|Department of Public Information • News and Media Division • New York|
Press Conference by OCHA Director of Coordination and Response Division
On Recent Visit to Afghanistan, Pakistan
The international humanitarian community faces an expanding and vastly underfunded portfolio of crises, both new and protracted, a senior United Nations humanitarian official said at a Headquarters press conference today.
“There has to be a realization […] that humanitarian needs continue to grow worldwide,” said John Ging, Director of the Coordination and Response Division in the Office for the Coordination of Humanitarian Affairs, while briefing on his recent mission to Afghanistan and Pakistan.
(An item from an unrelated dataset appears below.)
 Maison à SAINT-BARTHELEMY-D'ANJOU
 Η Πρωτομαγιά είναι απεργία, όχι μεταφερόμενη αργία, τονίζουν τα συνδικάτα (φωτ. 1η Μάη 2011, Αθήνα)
Warning that financial assistance had not kept pace with the world’s growing humanitarian needs, he called for a “rethinking” of the way in which States provided support, particularly in respect of neglected long-standing crises.
He said that one of the main goals of the recent mission, on which he was accompanied by seven directors of emergency humanitarian aid organizations, had been to ensure that humanitarian actors continued to be “fit for purpose” as Afghanistan underwent a period of major transition. Indeed, with the imminent withdrawal of International Security Assistance Force personnel in 2014, humanitarian assistance must keep pace with the evolving security and development situation, he emphasized.
While pleased with the success of the recent Chicago and Tokyo funding conferences for the security and development aspects of the transition, Mr. Ging noted that the humanitarian side had not been represented. In fact, the $471 million appeal for humanitarian aid in Afghanistan had only received $79 million to date, he pointed out. Humanitarian funding was critical, not least because “there has to be a foundation of humanitarian stability on which to build the development that this country needs”, he stressed.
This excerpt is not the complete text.